Over time my wife grew resentful for me not standing up for her, many long arguments. Last Xmas my mother made plans w/o talking to my wife and she sent a nasty em to my mother. Everything exploded. I went to see my family an hour away during the holidays to make things better, big mistake. My wife was not happy and repeated the" you put your family first" mantra. 


After the holidays the calls from my folks stopped, even though I left things on good terms. After a month they started calling me " caller id unavaialbe" and not leaving a message. Increasingly I got more a more upset. I decided not to return their calls w/o a messsage. 


Hindsite 20/20 I realize they pulled off some nasty stunts at the wedding which made my wife very upset, which I never called them on because I wanted everyone to be happy. 


I have changed phones because of work. There are no emails to me or calls to my wife since the xmas debacle. Here's the sad part. I am really starting to hate my parents and sister more and more each day. I have always been the black sheep of the family and I know it, accept it as well. Now I feel like my wife is paying the price. I am on her side 100% in everything. She is a good person, responsible, loves pets, gardens, and is a published author.


I am in torment becuase even if I can make things better with my folks I feel I will never respect or what to be part of their lives, as they have shunned my life/wife. Please any input is much needed, Thank you in advance.


----------



## marina72

Well, you said it all yourself. Your folks did some mean things to your wife, and in the beginning you didn't acknowledge these things, for fear of causing a rift. And then you ended up with a wife who felt neglected and like you weren't going to honer her and back her up, and protect her from being hurt emotionally by your own family. Then when your wife finally has had enough, and lets your Mom know how she feels, which is something you had thus far refused to do, so she took matters into her own hands, your parents get mad and refuse to speak to you, and then start pranking your phone, like middle schoolers.
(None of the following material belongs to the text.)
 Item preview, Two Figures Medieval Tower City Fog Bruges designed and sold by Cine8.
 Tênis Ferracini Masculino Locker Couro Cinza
And you clearly have seen what this has done to your wife, and have started trying to make good on it, which is Great! You're on the right track there. Your wife doesn't sound unreasonable, your parents do however. Who does that anyway? They need to grow up, and treat your wife and you, with some respect. And if they can't, and they can't understand that your wife will Always come first, and that's how it should be, and if they do something that is out of line to upset her, that you'll come to her defense, then you don't need them in your life anyway.

Having said that, I'm not saying you should never speak to them again, but if they are going to make your life this miserable and refuse to treat your wife with respect, then what can you do?
If they have shunned your wife, then they have shunned you. Your wife comes first. That's as it should be. And if they can't accept her, or at least be civil to her, then you might have to have limited contact with them.


----------